Of note, former Attorney General Jeff Sessions was just in the news yesterday for his role in the child separation policy (Rod Rosenstein was also involved).

https://www.politico.com/news/magazine/2020/08/01/stephen-miller-david-horowitz-mentor-389933

By Jean Guerrero


In December 2012, with the Republican Party reeling from a brutal election that left Democrats in control of the White House and the Senate, the conservative activist David Horowitz emailed a strategy paper to the office of Alabama Senator Jeff Sessions.

Horowitz, now 81, was a longtime opponent of immigration and the founder of a think tank and a campus freedom-of-speech advocacy group. He saw in Sessions a kindred spirit—a senator who could reawaken a more nationalist fire in the Republican Party. The person he emailed it to was a Sessions aide: Stephen Miller. Horowitz, who recalled the episode in an interview and shared the emails with me, had known Miller since the aide was in high school.

Horowitz encouraged Miller to not only give the paper to Sessions but to circulate it in the Senate. Miller expressed eagerness to share it and asked for instructions. “Leave the Confidential note on it. It gives it an aura that will make people pay more attention to it,” Horowitz wrote. The paper, “Playing to the Head Instead of the Heart: Why Republicans Lost and How They Can Win,” included a section on the political utility of hostile feelings. Horowitz wrote that Democrats know how to “hate their opponents,” how to “incite envy and resentment, distrust and fear, and to direct those volatile emotions.” He urged Republicans to “return their fire.”

“Behind the failures of Republican campaigns lies an attitude that is administrative rather than combative. It focuses on policies rather than politics.
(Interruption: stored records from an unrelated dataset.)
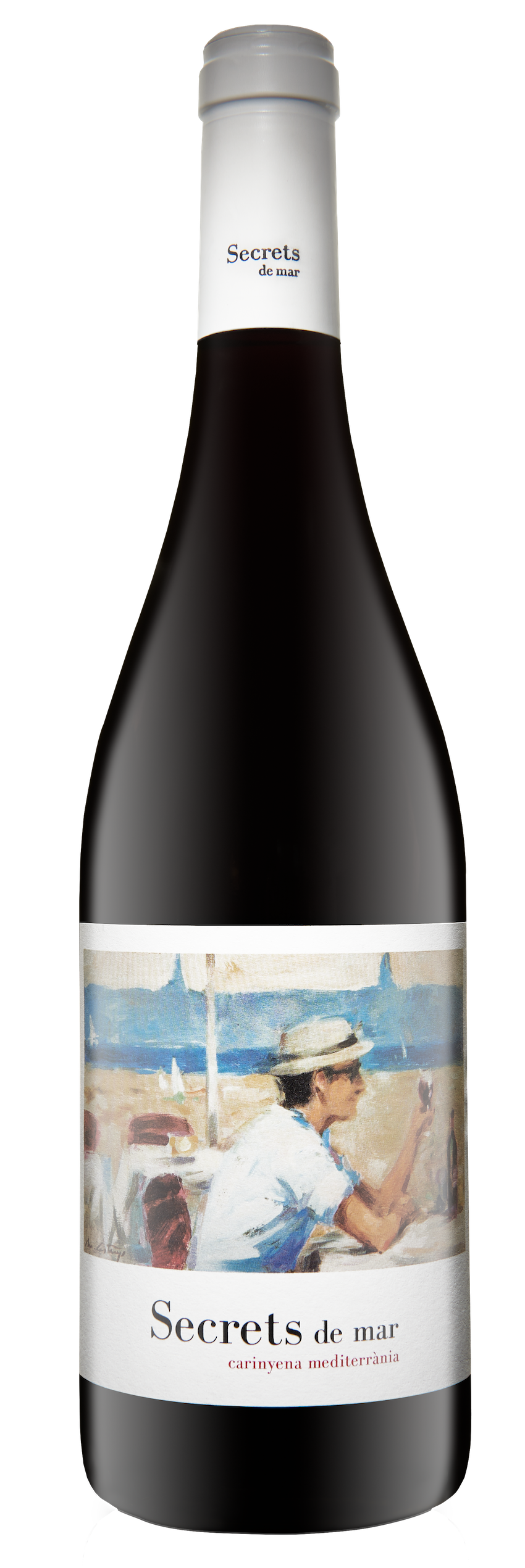 시크릿 데 마르 루즈_맨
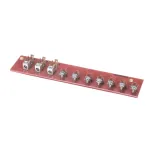 Heatcraft 22592801 TERMINAL BOARD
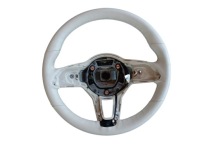 фото thumb №1, Mercedes w167 воздуховод кожаный a0040054099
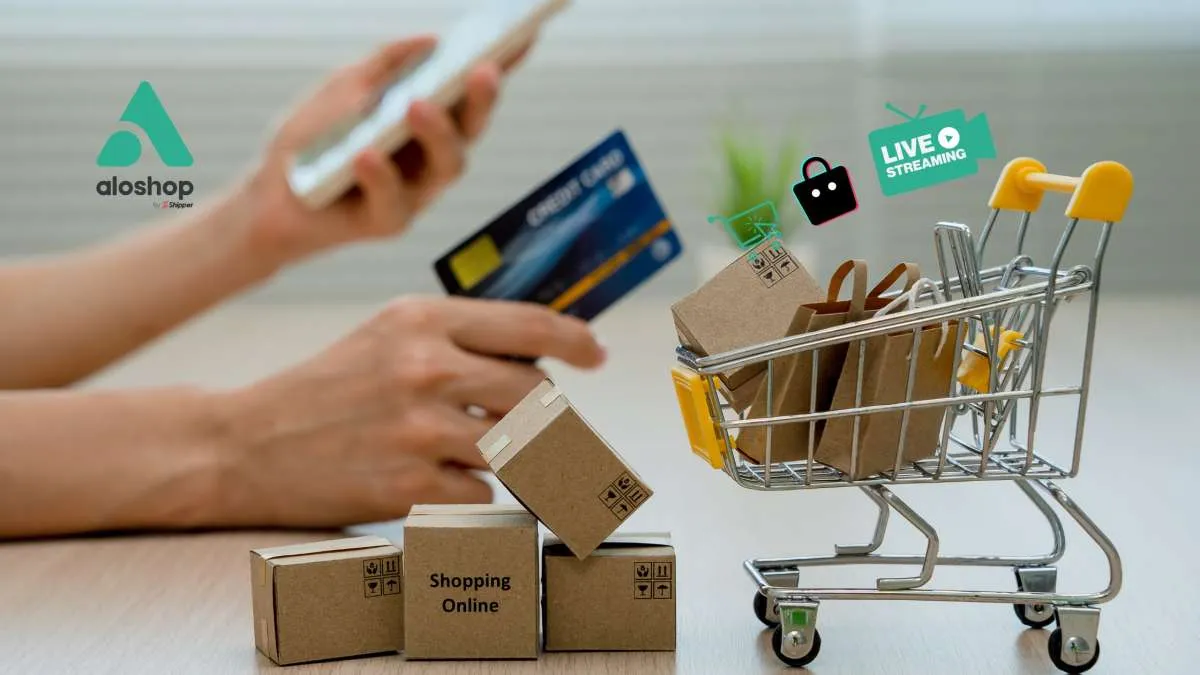 Ini Strategi yang Aloshop Dalam Dukung Bisnis UMKM Berkelanjutan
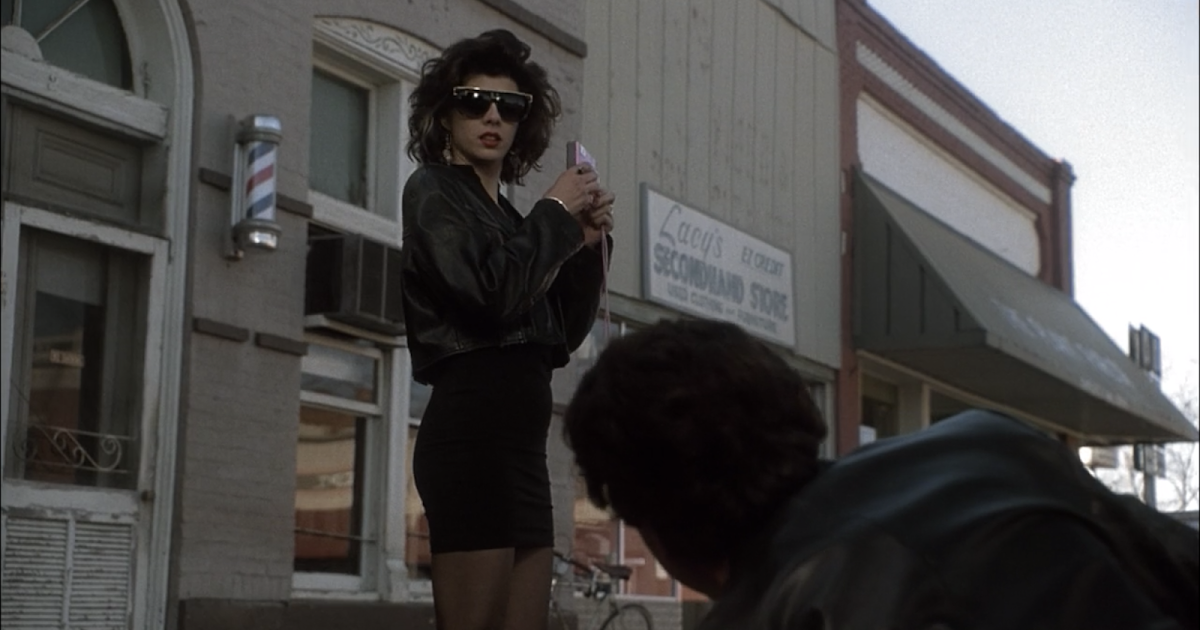 marisa tomei's looks in 'my cousin vinny,' as covid...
It is more comfortable with budgets and pie charts than with the flesh and blood victims of their opponents’ policies,” Horowitz wrote, adding that Democrats have the moral high ground. “They are secular missionaries who want to ‘change society.’ Their goal is a new order of society—‘social justice.’” He argued that the only way to beat them is with “an equally emotional campaign that puts the aggressors on the defensive; that attacks them in the same moral language, identifying them as the bad guys.”
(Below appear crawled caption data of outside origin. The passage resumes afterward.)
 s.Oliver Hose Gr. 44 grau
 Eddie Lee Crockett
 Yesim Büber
Horowitz wrote that hope and fear are the two strongest weapons in politics. Barack Obama had used hope to become president. “Fear is a much stronger and more compelling emotion,” Horowitz argued, adding that Republicans should appeal to voters’ base instincts.

It is perhaps the most compact crystallization of the relationship that propelled Miller, now a senior policy adviser and speechwriter in the Donald Trump administration, to the White House and of the importance that relationship has had in the administration. The friendship between Miller and Horowitz began when Miller—who did not respond to interview requests for the book from which this article was adapted—was in high school and continued throughout his career. Tracing it reveals a source of Miller’s laser focus on immigration restriction, which has over the past few years resulted in a ban on travel from mostly Muslim countries and a policy that separated families crossing the border into the United States to seek asylum. If you want to understand the language Trump uses to talk about immigrants and his opponents, or the immigration policies he has put into place, often via Miller, you have to also understand Horowitz, and the formative role he played in Miller’s career and life.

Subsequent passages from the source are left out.